Same distinction as for Scope 2 GHG accounting. Location-based: all grid electricity is counted as the grid-mix energy regardless of REC / PPA. Market-based: grid electricity backed by REC retirement / unbundled green-PPA is counted as renewable; only the residual grid draw uses the grid mix. BRSR Core Energy Footprint typically uses location-based for the assured intensity, with the market-based renewable share disclosed separately. Whichever method is used, it must be disclosed + consistent year-on-year.
Does the denominator include other income (interest, dividend, sale of investments)?
No. The denominator is **Revenue from Operations** per the audited financials (Ind AS / IGAAP), adjusted for PPP. Other income (interest, dividend, profit on sale of fixed assets, FX gains) is excluded. Same convention as the GHG + Water Core attributes — the denominator must reconcile to the audited turnover figure.
How is captive solar with net-metering treated?
Captive solar GENERATION (kWh produced) enters the renewable energy bucket.

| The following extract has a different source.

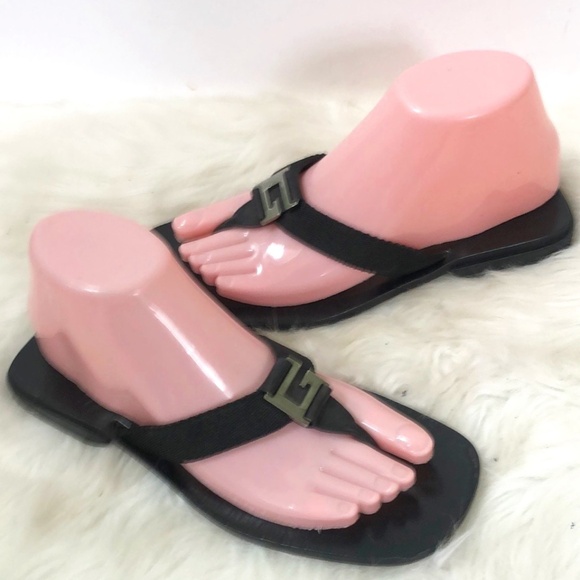 Gucci Authentic Sandals Size 7B - Picture 1 of 12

Net-metering EXPORT (kWh sold back to the grid) is netted from the captive renewable consumption — only the captive solar actually consumed on-site counts toward the renewable share. The grid IMPORT during low-generation periods (night, monsoon) is grid-mix non-renewable (location-based) or renewable (if REC-backed).
What XBRL element is used for this attribute?
The total energy consumption + intensity + renewable share are filed in the BRSR XBRL instance document under the Principle 6 Essential Indicator 1 elements from the MCA-published BRSR taxonomy. Verify element names + unit references against the current taxonomy version. Both current-year and previous-year context references must be populated with matching boundary disclosure.